This Saturday the two combatants in the “Hell is Real” Derby, FC Cincinnati and the Columbus Crew, will square off with not just a trip to the MLS Cup final on the line, but hosting honors as well. This after the Crew triumphed 2-0 in extra time at Orlando City, while Yerson Mosquera‘s stoppage-time strike lifted FCC to a 1-0 win over the Philadelphia Union.
The rivalry got its name from a billboard on I-71, which links the two cities. Alas for the Union, “Hell is Real” doubles as its postseason epitaph the past three campaigns. In 2021, the soccer gods and positive tests for COVID-19 conspired to render 11 players unavailable for their Eastern Conference final against New York City FC, resulting in a 2-1 defeat. Last year in the MLS Cup final, LAFC‘s Gareth Bale rose up to nod home a stoppage-time equalizer, setting up a crushing defeat in the resulting penalty shootout.
This year’s playoff ouster was less traumatic, but it still cuts deep. FCC defender Ian Murphy looked to be just offside when Álvaro Barreal delivered the ball into the box, which should have wiped out Murphy’s header to Mosquera and his subsequent finish. But after a VAR check, the goal was allowed to stand and it is FCC moving on, while the Union is heading home.
Such playoff exits are enough to upset a manager. But Philadelphia manager Jim Curtin took the high road in his postgame news conference, even as everyone on the Philadelphia bench told him that Mosquera’s goal would be and should be called back.
“It sounds like it was at least close, so it hurts a lot,” Curtin said. He later added about his team’s near misses, “I’ll sign up to be playing in the big games over being a club in complete disarray that has no chance to ever compete for anything. There’s about 25 of those in our league. So I prefer to be where we are, and playing in these games and winning.”
One does get the sense that the Union’s championship window is closing, however, while Cincinnati — with plenty of Union alumni, including GM Chris Albright and manager Pat Noonan — is in the ascendency, filling the Eastern Conference power center as Supporters’ Shield winners.
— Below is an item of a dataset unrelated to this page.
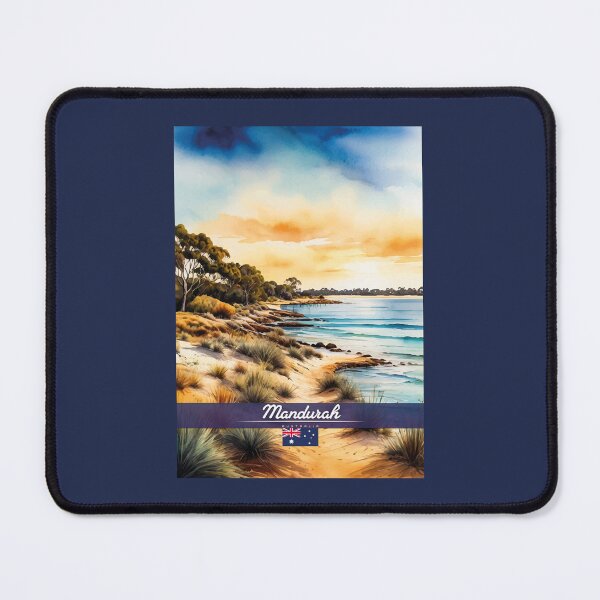 Item preview, Mandurah Australia Travel designed and sold by Thistle-TShop.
The play of its makeshift defense in the absence of MLS Defender of the Year Matt Miazga and holding midfielder Obinna Nwobodo will provide confidence that a Shield/Cup double is in their future.
But perhaps mindful of those Union near-misses — and even the ones he experienced as a player with the New England Revolution — Noonan was by no means doing cartwheels after Saturday’s match. The Crew delivered a thoroughly professional performance in Orlando, aided by a pair of 22-year-olds in goalkeeper Patrick Schulte and midfielder Aidan Morris, who assisted on Christian Ramirez‘s 93rd-minute opener. They won’t be pushovers by any means.
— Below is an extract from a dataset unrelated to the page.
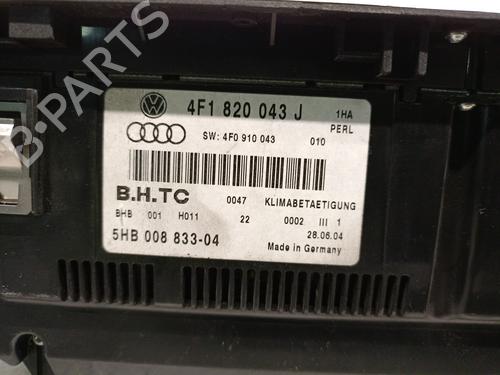 Climate control AUDI A6 C6 (4F2) 3.0 TDI quattro | BP32403023I5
Columbus Crew SC scores two goals in extra time to beat Orlando City SC in the MLS Eastern Conference Playoff semifinals.
A triumph Saturday will give one group of fans a special kind of bragging rights, the kind that a mere regular-season defeat can’t erase. So given the rivalry game to come, with nearly unmatchable stakes, what’s the approach? Should the players embrace the rivalry aspect, or tune it out?
“I hope we embrace it,” Noonan said. “It’s certainly going to have some nice storylines attached to it, but [Columbus is] a very good team and we split the season series, but they’re in very good form and we’ll be a very top opponent for us. So I hope our guys embrace just another playoff game, another playoff game in front of our home fans.”
It will write an indelible chapter in “Hell is Real” lore. — Jeff Carlisle
SEATTLE — During LAFC’s six years in Major League Soccer, their identity — under both managers, Bob Bradley and now Steve Cherundolo — has been one of attacking flair. It has mostly served them well: They’ve scored more goals than any team in the league since their inception, have won a pair of Supporters’ Shields and are the reigning MLS Cup champions.
And this is why it was so jarring to see the Black and Gold almost completely concede possession in Seattle on Sunday night, content with bunkering down to protect an early lead thanks to a brilliant goal against the run of play from Golden Boot winner Denis Bouanga. It was an approach the club has rarely — maybe never? — employed by design. Certainly not to Sunday’s extreme.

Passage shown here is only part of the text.